Posted by DarthDilbert at 12/05/2008 11:23:00 PM

Shortly after Mitsuo Fuchida led the Japanese attack on Pearl Harbor, he discovered just how fortunate he was to be living.

Along with the 21 holes that visibly pocked the 39-year-old’s aircraft, a mechanic on the aircraft carrier Akagi found a frayed elevator cable that dangled from Fuchida's reconnaissance bomber by a single thread. If it had been severed, the inevitable crash could have killed the flight commander — whose radio message "Tora! Tora! Tora!" was the final go-ahead for the attack that drew the United States into World War II.

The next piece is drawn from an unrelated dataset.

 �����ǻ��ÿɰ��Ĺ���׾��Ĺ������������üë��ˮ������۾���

To Fuchida, who did not consider himself a spiritual man at the time, dodging the flak over Pearl Harbor was a lucky break. But as the war wore on, escaping death became a rite of passage for the man, leading him 30 years later to tell now-retired Stars and Stripes reporter Hal Drake that "someone had his hand on my head."

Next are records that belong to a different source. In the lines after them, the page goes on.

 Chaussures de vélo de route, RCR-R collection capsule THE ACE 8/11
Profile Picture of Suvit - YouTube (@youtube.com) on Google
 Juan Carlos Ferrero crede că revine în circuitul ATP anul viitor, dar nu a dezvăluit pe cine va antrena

[A few years later] Fuchida became curious about the Christian god. He again was ordered to testify in 1948 and, as he got off the train at Shibuya Station, a Western man handed him a missionary pamphlet titled "I Was a Prisoner in Japan." The subject was Jacob DeShazer, one of the Doolittle Raiders whose carrier-launched B-25s bombed Japan in 1942. DeShazer’s plane crash-landed in China, where Japanese occupiers captured and imprisoned him.

After his capture, DeShazer was repeatedly tortured and witnessed the execution of three of his crewmembers while another slowly died of malnutrition.

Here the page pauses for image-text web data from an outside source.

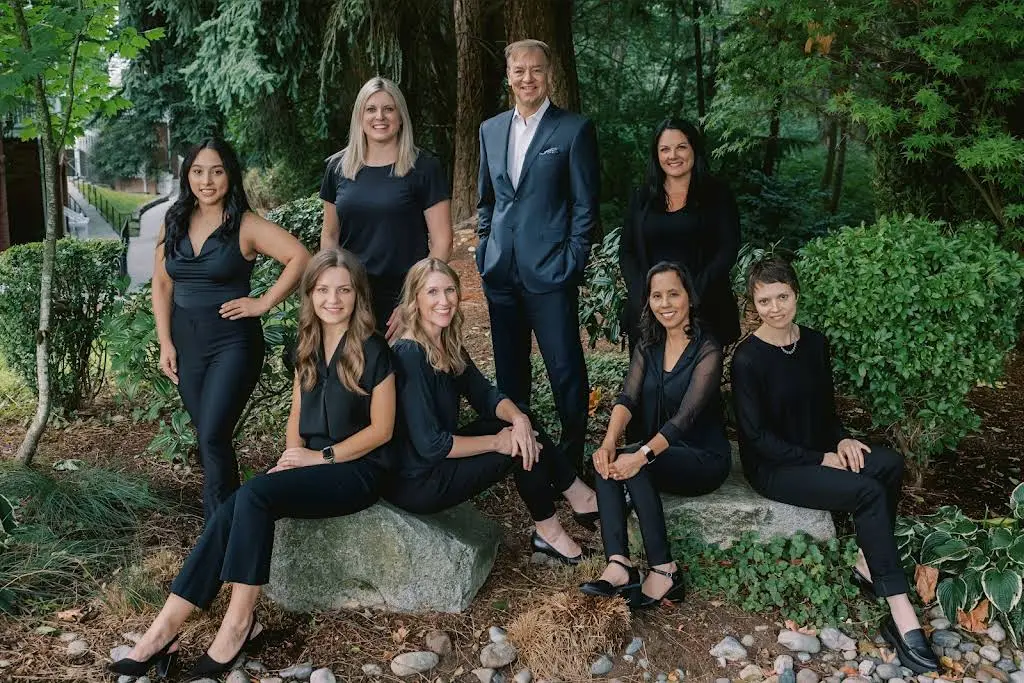 Harbour Pointe Family Dentistry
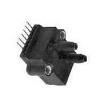 SCXL010DN Board Mount Pressure Sensors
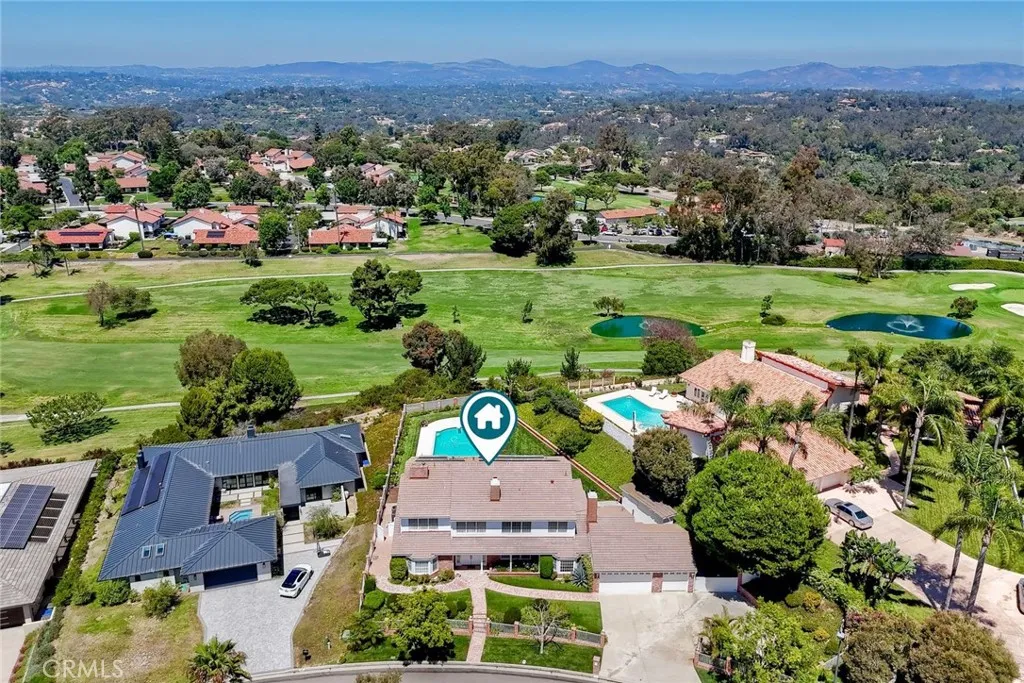 https://cdn.realtyfeed.com/cdn/127/306243871/349c27e0267da37160c586da43e31ed1.webp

Like Fuchida, DeShazer couldn’t understand why his life was spared amid so much death. A friend lent him a Bible, which he quickly devoured. Moved by the story of Christ asking for forgiveness of those who crucified him, DeShazer vowed he would return to Japan to do missionary work if his life were spared.

For a second time, a story of the human ability to forgive one’s enemies rocked Fuchida. This time it stuck.

"That’s when I met Jesus," Fuchida told Drake. "Looking back, I can see now that the Lord had laid his hand upon me so that I might serve him."

Fuchida lived out the remainder of his years traveling the world as an evangelist. His story was celebrated in Reader’s Digest magazine, and he befriended such notables as the Rev. Billy Graham.

The man who wouldn’t die in war was finally conquered by diabetes in 1976.

I was fortunate to meet Mr. Fuchida when I was a kid when he spoke to our Royal Ambassadors group at my church. They are also working to make a movie about him. I couldn't think of anyone more deserving.